Accessibility is a responsibility for the whole development team. If they are not aware of its critical importance, then this lack of awareness is an obstacle that must be overcome. If the Project Manager understands the importance of accessibility, then she can leverage that across the entire team. 

In Agile project backlog and in the Scrum planning sessions, accessibility considerations must be kept in mind. For instance, if a developer has a ticket to embed a video on a page, one must consider: Is there a transcript for the video? Does it have captions? When creating a form, are the fields clearly and accurately labeled? Are the form error procedures effective, understandable and usable by screen readers? Acceptance criteria can be written to expect these requirements to be met. Quality assurance staff should be able to identify where issues arise and fail tickets accordingly. 
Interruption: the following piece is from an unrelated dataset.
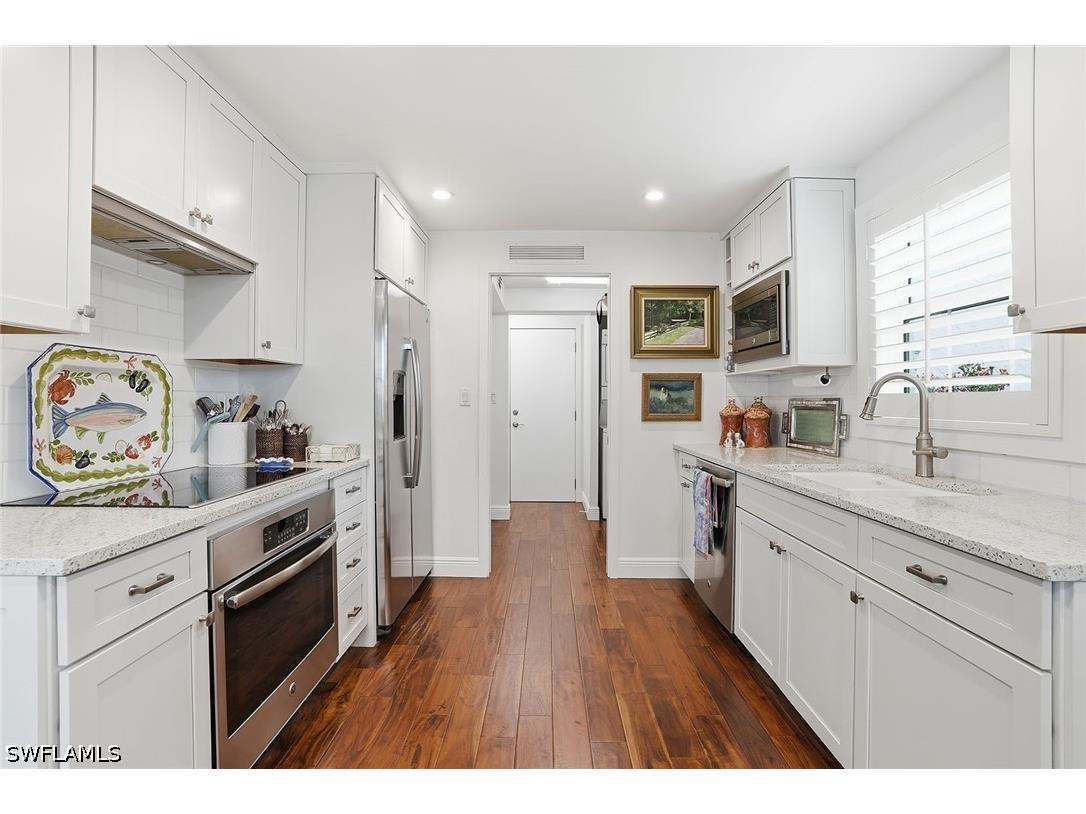 4784 West Boulevard #B101 Naples FL 34103 226015395 image4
As features are built, they should be tested for accessibility. For UX/UI designers, there are many aspects of accessibility that should be incorporated into their work. Can parallax features be made accessible? Or, is there an alternative way of relaying the same information in a manner which is simpler and can perhaps delivers a better usability experience for all?

As the sprint process continues for a project, within a few iterations, it should become ingrained in the team that accessibility is expected and that work will be reviewed against WCAG 2.x guidelines. This mindset shift in developers, designers and QA staff will assist in creating a better product. Also, it should alleviate extra work at the end of the project or the sprint trying to remediate any number of accessibility failings.

The Agile software development value of “working software over comprehensive documentation” clearly supports accessibility. If a site is inaccessible, then simply put, you do not have working software!